Conversely, Bianchi et al. [48] observed that maximum and minimum values do not follow a consistent pattern across years, and that variance exhibits significant fluctuations. These results contrast with the findings of our study, which identified greater interannual regularity and more stable variance. According to the authors, this dynamic suggests that although a recurrent pattern exists, its intensity and shape are modulated by meteorological factors such as atmospheric pressure and temperature, potentially linked to changes in atmospheric dynamics or aerosol transport processes [49]—an aspect that warrants further exploration in future studies.
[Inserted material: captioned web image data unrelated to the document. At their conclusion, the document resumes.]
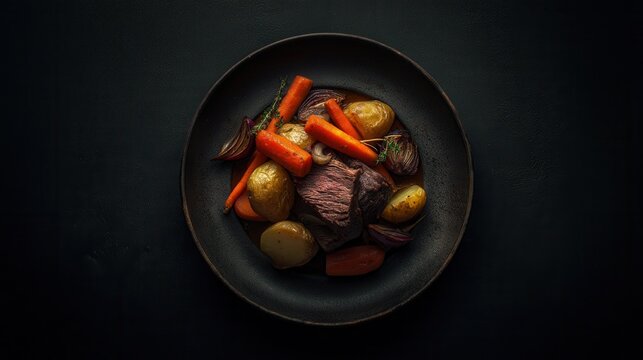 Showcasing a Delicious Hangi With Tender Meat, Carrots, Onions, and Potatoes on Black Plate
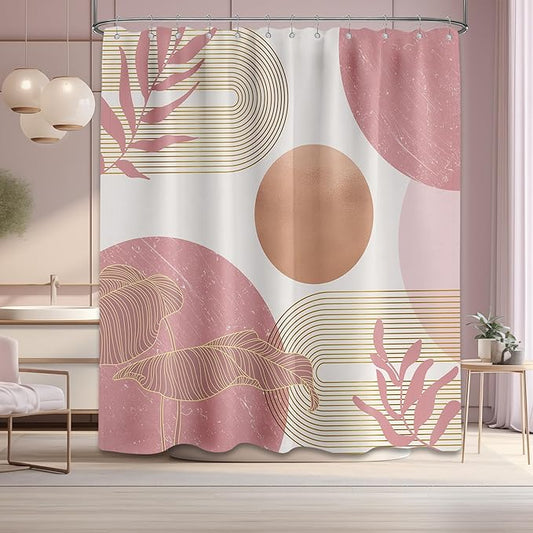Blush Pink Shower Curtain Light Pink and White Shower Curtains for Bathroom Decor Abstract MCM Bath Curtain Set, Waterproof Fabric with Hooks 70 x 72 Inch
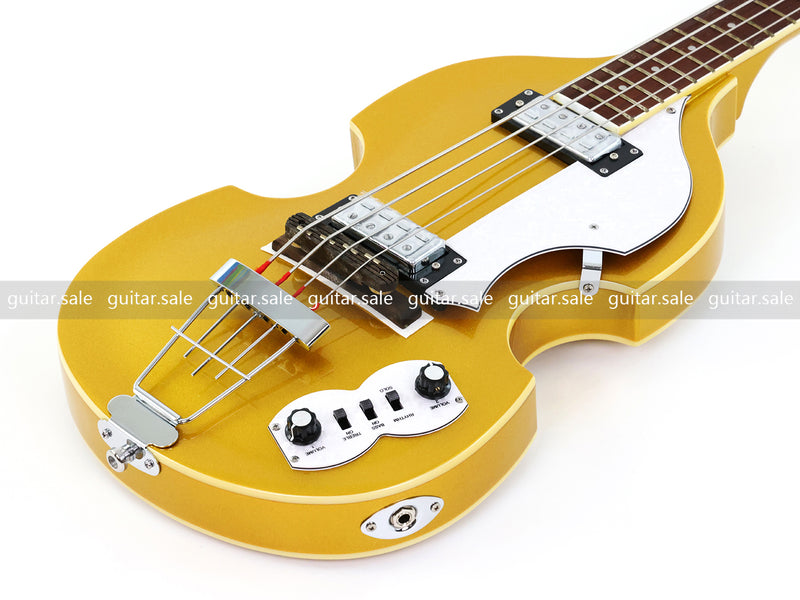 4 String Semi-Hollow Violin Electric Bass Guitar with Gold Metallic Sparkling Finish (PHY-107)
The results of the present study also align with those of Alegría et al. [15], who reported significant seasonal and monthly variation in beryllium concentrations, reinforcing the relevance of the seasonal component in ⁷Be dynamics.

This concordance between previous studies and the current analysis validates the use of the SARIMA model as both an explanatory and predictive tool for ⁷Be, while also highlighting the importance of incorporating meteorological variables [50] to enrich the understanding of the factors that modulate its behavior in future time series analyses. Finally, comparing the behavior of ⁷Be with that of other environmentally relevant particles could significantly deepen our understanding of the processes that govern its presence and variability in the atmosphere.